The IAM challenge store used by the AWS IAM join method is the one exception — it lives in-process today, so the IAM join flow assumes a single replica per cluster. For multi-replica clusters that do not use IAM-based joins (i.e. agents join with bootstrap tokens via mezctl tokens create), this is not a constraint.
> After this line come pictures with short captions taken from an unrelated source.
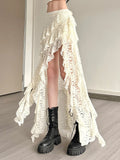 ZJKRL -  Tassels Women Skirts Irregular Hem Multi-Layered Ruffles Lace Patchwork Sweet Summer Trend Daily Skinny Versatile Bottoms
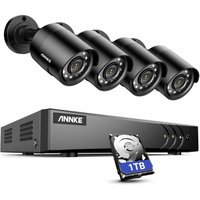 1080p kabelgebundenes Überwachungskamera-Set, H.265+ 5MP Lite 8CH dvr mit 4 wasserdichten 1080p-Kameras, Personen-/Fahrzeugerkennung, 100 Fuß von ANNKE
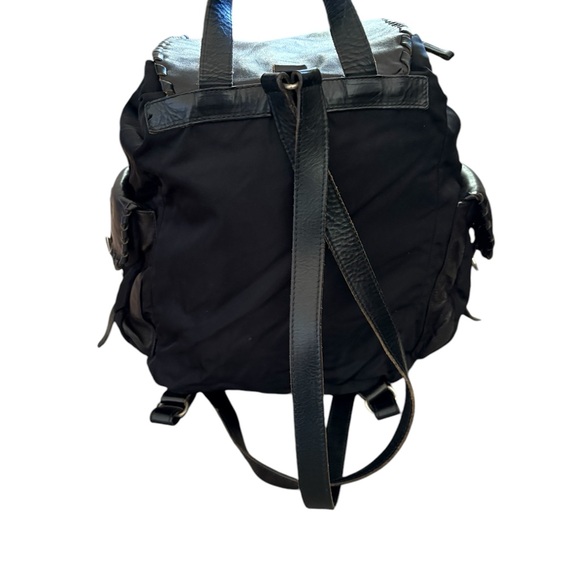 Prada Made in Italy Nylon Whipstitch Leather Trim Backpack Black - Picture 6 of 16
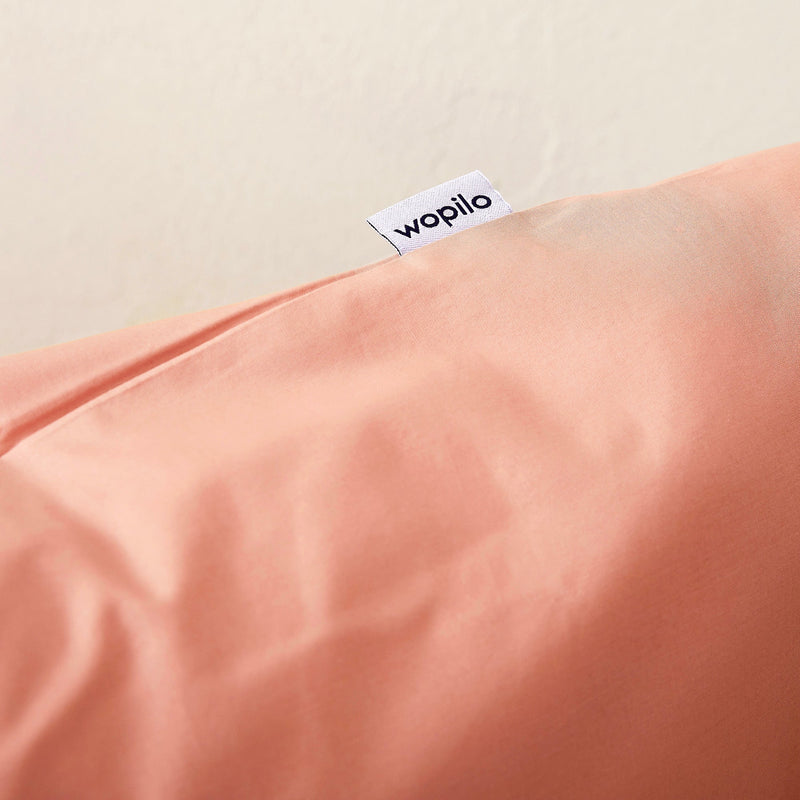 Taie d'oreiller enfant en percale de coton bio - Bois de rose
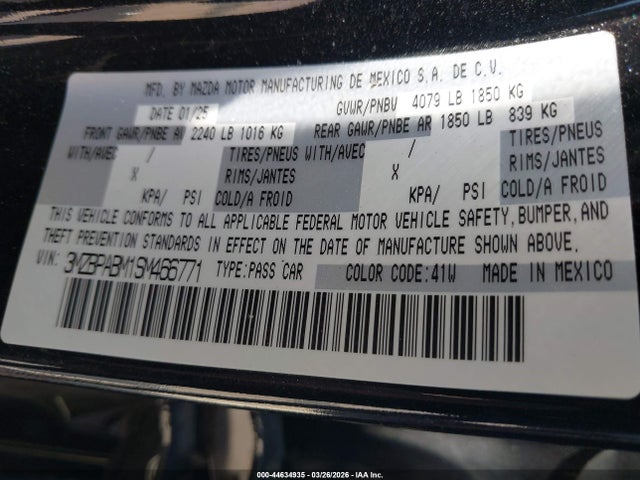 44634935 :رقم المزاد ، 3MZBPABM1SM466771 vin ، 2025 Mazda Mazda3 2.5 S Select Sport مزاد بيع
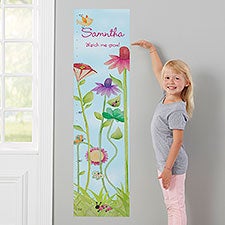 Flowers  Butterflies Personalized Wall Decal Growth Chart  - 43868
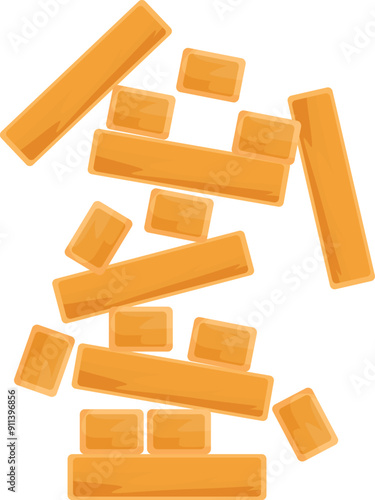 Tower made of light brown wooden blocks is collapsing on a white background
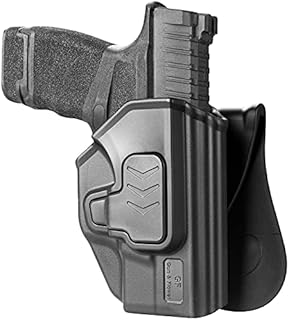 Hellcat 9mm Holster, Outside Waistband Carry Holster Fit Springfield Hellcat Micro-Compact 3'',OWB Paddle Holster,Adjustable Cant/Index Finger Release, Right Hand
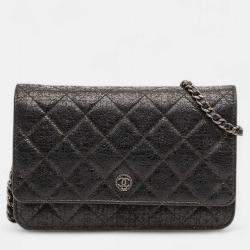 Pre Owned Chanel Black CC Quilted Crinkled Calfskin Wallet On Chain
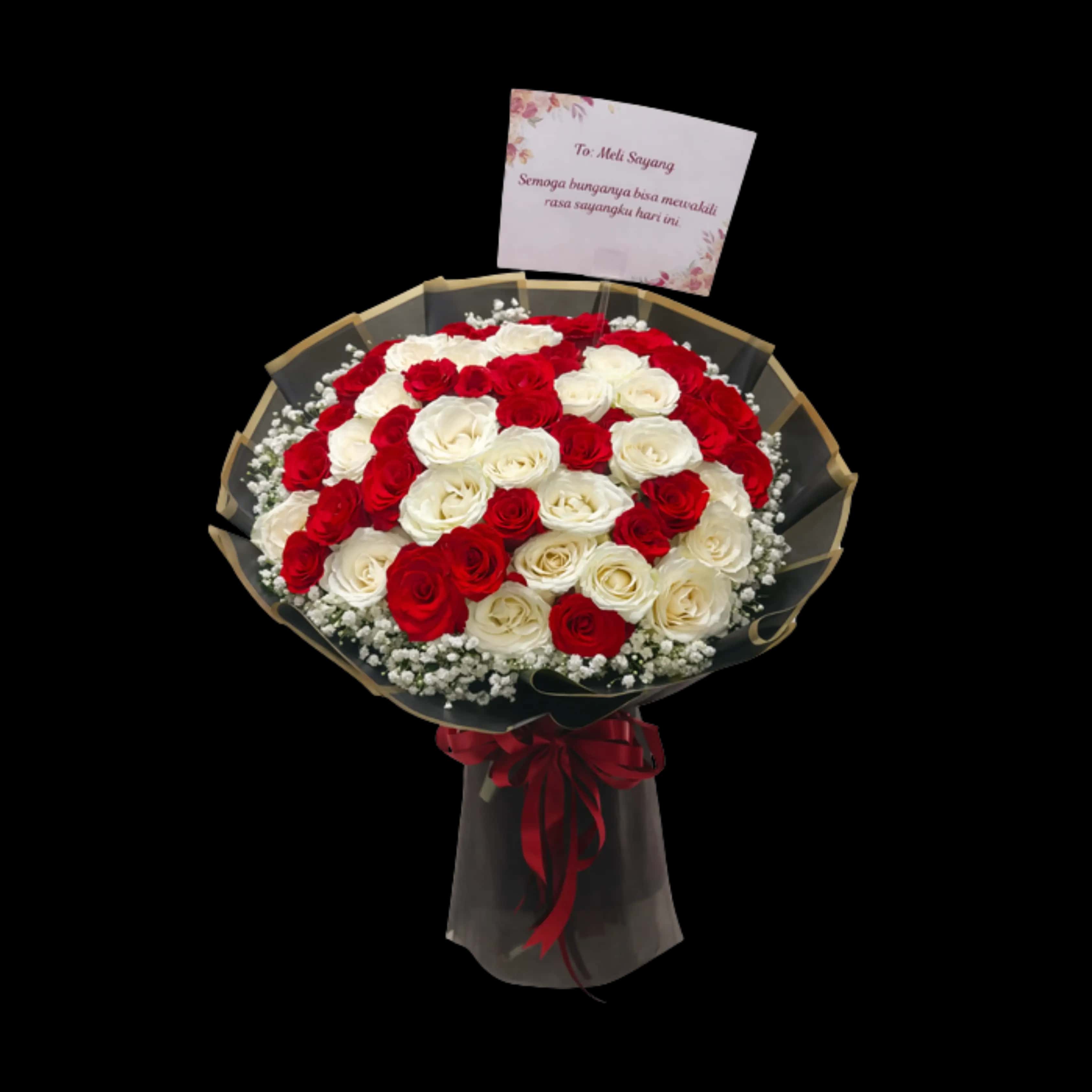 Buket Mawar Merah Putih Mewah — Lunox Florist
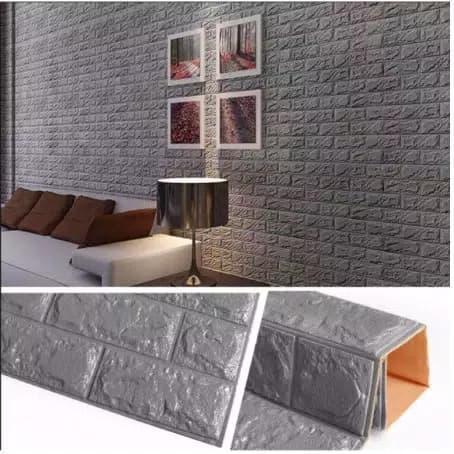NEW!! Wallpaper Dinding Foam Bata Abu 3D Waterproof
The database-backed challenge store work is tracked separately.

Recommendations for an HA deployment:

  • Use an external, managed PostgreSQL with at least one replica.
  • Set replicas: 2 or higher in values.yaml. Use a PodDisruptionBudget that keeps at least one Pod ready during voluntary disruptions.
  • Configure the Service to send agent traffic (:3024 / single-port :443) to all replicas; each agent reverse tunnel ends at exactly one Pod, but the cluster-side state machine routes session traffic to the right Pod via the database-backed inventory.
  • Run database migrations once per upgrade. The current Helm chart in deploy/helm/mezite/ does not ship a migration hook — for HA upgrades, operators should run mezhub migrate up out-of-band (from a one-shot Pod, a bastion, or a CI step) before scaling the Deployment up, so multiple Pods don't race the schema. A future chart revision may add a pre-install Job with a leader-elected init container; until then, treat migrations as an explicit pre-rollout step.

NetworkPolicies

For a hardened cluster, restrict mezhub Pod ingress to the listeners you expose externally, and restrict its egress to the database and (when used) AWS KMS. The minimum useful NetworkPolicy for the proxy looks like:

NetworkPolicy: minimum useful policy for mezhub yaml
apiVersion: networking.k8s.io/v1
kind: NetworkPolicy
metadata:
  name: mezhub
  namespace: mezite
spec:
  podSelector:
    matchLabels:
      app.kubernetes.io/name: mezite
  policyTypes: [Ingress, Egress]
  ingress:
    # External traffic comes from the Ingress / LoadBalancer; restrict to
    # the listeners you actually expose.
    - ports:
        - protocol: TCP
          port: 3080      # HTTPS (or 443 in single-port mode)
        - protocol: TCP
          port: 3025      # gRPC Auth (mezctl admin + agent registration)
        - protocol: TCP
          port: 3023      # SSH
        - protocol: TCP
          port: 3024      # agent tunnel
  egress:
    # Database (in-cluster PostgreSQL example — see below for external PG).
    - to:
        - podSelector:
            matchLabels:
              app.kubernetes.io/name: postgresql
      ports:
        - protocol: TCP
          port: 5432
    # DNS
    - to:
        - namespaceSelector: {}
          podSelector:
            matchLabels:
              k8s-app: kube-dns
      ports:
        - protocol: UDP
          port: 53
    # AWS KMS (only needed when kms.enabled=true). Allow egress to AWS API
    # endpoints; in practice this is "443 to the internet" or to a VPC
    # endpoint for kms.
    - ports:
        - protocol: TCP
          port: 443

The example above assumes Postgres runs in-cluster behind a podSelector. For externally-managed PostgreSQL (RDS, Cloud SQL, a self-managed VM, or a PG operator in a different namespace), replace the database egress rule with an ipBlock for the database's address (a single /32 or the VPC subnet's CIDR) or a namespaceSelector + podSelector targeting the operator's namespace. For example:

NetworkPolicy egress: external PostgreSQL via ipBlock yaml
  egress:
    # External Postgres (e.g. RDS endpoint resolved to a private subnet).
    - to:
        - ipBlock:
            cidr: 10.0.0.0/16    # your DB subnet (use a /32 for a single host)
      ports:
        - protocol: TCP
          port: 5432

Multi-tenant managed deployments add a per-tenant tenant-isolation NetworkPolicy on top of the above to stop cross-tenant TCP. See the Troubleshooting guide for how to diagnose policy denials.